-- Provided information --
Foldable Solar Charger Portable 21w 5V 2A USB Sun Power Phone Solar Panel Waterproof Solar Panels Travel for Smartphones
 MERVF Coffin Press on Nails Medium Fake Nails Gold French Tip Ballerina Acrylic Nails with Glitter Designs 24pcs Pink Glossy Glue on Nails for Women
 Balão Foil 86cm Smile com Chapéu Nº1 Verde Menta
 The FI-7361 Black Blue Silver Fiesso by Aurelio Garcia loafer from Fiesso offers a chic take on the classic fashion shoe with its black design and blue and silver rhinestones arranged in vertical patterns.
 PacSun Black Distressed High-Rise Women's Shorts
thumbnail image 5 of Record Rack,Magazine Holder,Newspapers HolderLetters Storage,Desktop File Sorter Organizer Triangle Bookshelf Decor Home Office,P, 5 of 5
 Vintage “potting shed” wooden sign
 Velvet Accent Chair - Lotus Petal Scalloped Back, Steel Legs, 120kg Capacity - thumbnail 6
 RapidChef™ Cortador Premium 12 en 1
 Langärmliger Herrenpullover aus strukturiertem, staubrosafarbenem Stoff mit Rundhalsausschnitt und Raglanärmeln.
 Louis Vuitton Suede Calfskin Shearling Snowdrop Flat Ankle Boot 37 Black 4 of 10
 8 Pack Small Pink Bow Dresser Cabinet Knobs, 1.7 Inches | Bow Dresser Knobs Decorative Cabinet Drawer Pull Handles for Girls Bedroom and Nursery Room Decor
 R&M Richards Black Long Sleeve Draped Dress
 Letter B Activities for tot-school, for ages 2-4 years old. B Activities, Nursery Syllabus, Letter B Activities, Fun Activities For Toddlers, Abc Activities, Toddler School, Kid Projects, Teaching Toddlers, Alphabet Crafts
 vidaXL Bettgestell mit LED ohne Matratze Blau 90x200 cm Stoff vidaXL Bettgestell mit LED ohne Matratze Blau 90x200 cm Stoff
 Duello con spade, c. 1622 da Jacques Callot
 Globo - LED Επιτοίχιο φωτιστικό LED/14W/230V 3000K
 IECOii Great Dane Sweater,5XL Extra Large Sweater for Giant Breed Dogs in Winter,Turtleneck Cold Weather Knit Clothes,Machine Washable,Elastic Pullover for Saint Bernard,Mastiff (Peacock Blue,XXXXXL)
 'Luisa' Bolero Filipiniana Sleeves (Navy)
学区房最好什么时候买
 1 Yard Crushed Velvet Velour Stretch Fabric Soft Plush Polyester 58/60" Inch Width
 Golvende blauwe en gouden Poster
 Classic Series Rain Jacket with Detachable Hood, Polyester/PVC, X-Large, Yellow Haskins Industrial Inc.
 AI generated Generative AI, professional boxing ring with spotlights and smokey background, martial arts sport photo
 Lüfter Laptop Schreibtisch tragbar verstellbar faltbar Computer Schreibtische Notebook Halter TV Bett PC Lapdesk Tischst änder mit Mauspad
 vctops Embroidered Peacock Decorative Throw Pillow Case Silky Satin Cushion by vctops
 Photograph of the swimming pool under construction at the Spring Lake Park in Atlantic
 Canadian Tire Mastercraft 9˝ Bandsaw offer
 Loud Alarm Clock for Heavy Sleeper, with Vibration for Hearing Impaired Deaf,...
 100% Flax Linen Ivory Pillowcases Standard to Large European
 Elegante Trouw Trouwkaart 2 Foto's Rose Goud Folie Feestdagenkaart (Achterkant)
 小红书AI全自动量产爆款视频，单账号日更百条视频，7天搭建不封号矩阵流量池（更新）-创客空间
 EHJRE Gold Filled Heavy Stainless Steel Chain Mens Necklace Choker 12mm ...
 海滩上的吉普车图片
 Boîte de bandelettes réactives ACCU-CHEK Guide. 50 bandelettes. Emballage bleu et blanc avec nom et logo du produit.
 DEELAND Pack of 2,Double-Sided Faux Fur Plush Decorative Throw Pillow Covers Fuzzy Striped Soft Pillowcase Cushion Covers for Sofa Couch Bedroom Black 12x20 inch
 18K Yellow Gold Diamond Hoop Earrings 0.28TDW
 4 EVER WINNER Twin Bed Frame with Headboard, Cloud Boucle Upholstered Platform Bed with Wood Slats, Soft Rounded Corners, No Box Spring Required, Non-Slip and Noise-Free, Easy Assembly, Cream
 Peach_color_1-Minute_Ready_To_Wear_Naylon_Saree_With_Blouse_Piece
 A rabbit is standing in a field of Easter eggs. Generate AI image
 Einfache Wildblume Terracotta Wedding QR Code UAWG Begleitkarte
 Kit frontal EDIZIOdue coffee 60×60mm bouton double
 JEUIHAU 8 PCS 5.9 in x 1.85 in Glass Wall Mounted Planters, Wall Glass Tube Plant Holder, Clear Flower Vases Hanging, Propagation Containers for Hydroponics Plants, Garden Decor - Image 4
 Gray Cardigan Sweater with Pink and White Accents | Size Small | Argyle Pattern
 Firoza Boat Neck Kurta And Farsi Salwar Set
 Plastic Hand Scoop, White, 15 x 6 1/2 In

-- What you will do --
Output all entries again exactly; no line may be altered.

-- Result for this exercise --
Foldable Solar Charger Portable 21w 5V 2A USB Sun Power Phone Solar Panel Waterproof Solar Panels Travel for Smartphones
 MERVF Coffin Press on Nails Medium Fake Nails Gold French Tip Ballerina Acrylic Nails with Glitter Designs 24pcs Pink Glossy Glue on Nails for Women
 Balão Foil 86cm Smile com Chapéu Nº1 Verde Menta
 The FI-7361 Black Blue Silver Fiesso by Aurelio Garcia loafer from Fiesso offers a chic take on the classic fashion shoe with its black design and blue and silver rhinestones arranged in vertical patterns.
 PacSun Black Distressed High-Rise Women's Shorts
thumbnail image 5 of Record Rack,Magazine Holder,Newspapers HolderLetters Storage,Desktop File Sorter Organizer Triangle Bookshelf Decor Home Office,P, 5 of 5
 Vintage “potting shed” wooden sign
 Velvet Accent Chair - Lotus Petal Scalloped Back, Steel Legs, 120kg Capacity - thumbnail 6
 RapidChef™ Cortador Premium 12 en 1
 Langärmliger Herrenpullover aus strukturiertem, staubrosafarbenem Stoff mit Rundhalsausschnitt und Raglanärmeln.
 Louis Vuitton Suede Calfskin Shearling Snowdrop Flat Ankle Boot 37 Black 4 of 10
 8 Pack Small Pink Bow Dresser Cabinet Knobs, 1.7 Inches | Bow Dresser Knobs Decorative Cabinet Drawer Pull Handles for Girls Bedroom and Nursery Room Decor
 R&M Richards Black Long Sleeve Draped Dress
 Letter B Activities for tot-school, for ages 2-4 years old. B Activities, Nursery Syllabus, Letter B Activities, Fun Activities For Toddlers, Abc Activities, Toddler School, Kid Projects, Teaching Toddlers, Alphabet Crafts
 vidaXL Bettgestell mit LED ohne Matratze Blau 90x200 cm Stoff vidaXL Bettgestell mit LED ohne Matratze Blau 90x200 cm Stoff
 Duello con spade, c. 1622 da Jacques Callot
 Globo - LED Επιτοίχιο φωτιστικό LED/14W/230V 3000K
 IECOii Great Dane Sweater,5XL Extra Large Sweater for Giant Breed Dogs in Winter,Turtleneck Cold Weather Knit Clothes,Machine Washable,Elastic Pullover for Saint Bernard,Mastiff (Peacock Blue,XXXXXL)
 'Luisa' Bolero Filipiniana Sleeves (Navy)
学区房最好什么时候买
 1 Yard Crushed Velvet Velour Stretch Fabric Soft Plush Polyester 58/60" Inch Width
 Golvende blauwe en gouden Poster
 Classic Series Rain Jacket with Detachable Hood, Polyester/PVC, X-Large, Yellow Haskins Industrial Inc.
 AI generated Generative AI, professional boxing ring with spotlights and smokey background, martial arts sport photo
 Lüfter Laptop Schreibtisch tragbar verstellbar faltbar Computer Schreibtische Notebook Halter TV Bett PC Lapdesk Tischst änder mit Mauspad
 vctops Embroidered Peacock Decorative Throw Pillow Case Silky Satin Cushion by vctops
 Photograph of the swimming pool under construction at the Spring Lake Park in Atlantic
 Canadian Tire Mastercraft 9˝ Bandsaw offer
 Loud Alarm Clock for Heavy Sleeper, with Vibration for Hearing Impaired Deaf,...
 100% Flax Linen Ivory Pillowcases Standard to Large European
 Elegante Trouw Trouwkaart 2 Foto's Rose Goud Folie Feestdagenkaart (Achterkant)
 小红书AI全自动量产爆款视频，单账号日更百条视频，7天搭建不封号矩阵流量池（更新）-创客空间
 EHJRE Gold Filled Heavy Stainless Steel Chain Mens Necklace Choker 12mm ...
 海滩上的吉普车图片
 Boîte de bandelettes réactives ACCU-CHEK Guide. 50 bandelettes. Emballage bleu et blanc avec nom et logo du produit.
 DEELAND Pack of 2,Double-Sided Faux Fur Plush Decorative Throw Pillow Covers Fuzzy Striped Soft Pillowcase Cushion Covers for Sofa Couch Bedroom Black 12x20 inch
 18K Yellow Gold Diamond Hoop Earrings 0.28TDW
 4 EVER WINNER Twin Bed Frame with Headboard, Cloud Boucle Upholstered Platform Bed with Wood Slats, Soft Rounded Corners, No Box Spring Required, Non-Slip and Noise-Free, Easy Assembly, Cream
 Peach_color_1-Minute_Ready_To_Wear_Naylon_Saree_With_Blouse_Piece
 A rabbit is standing in a field of Easter eggs. Generate AI image
 Einfache Wildblume Terracotta Wedding QR Code UAWG Begleitkarte
 Kit frontal EDIZIOdue coffee 60×60mm bouton double
 JEUIHAU 8 PCS 5.9 in x 1.85 in Glass Wall Mounted Planters, Wall Glass Tube Plant Holder, Clear Flower Vases Hanging, Propagation Containers for Hydroponics Plants, Garden Decor - Image 4
 Gray Cardigan Sweater with Pink and White Accents | Size Small | Argyle Pattern
 Firoza Boat Neck Kurta And Farsi Salwar Set
 Plastic Hand Scoop, White, 15 x 6 1/2 In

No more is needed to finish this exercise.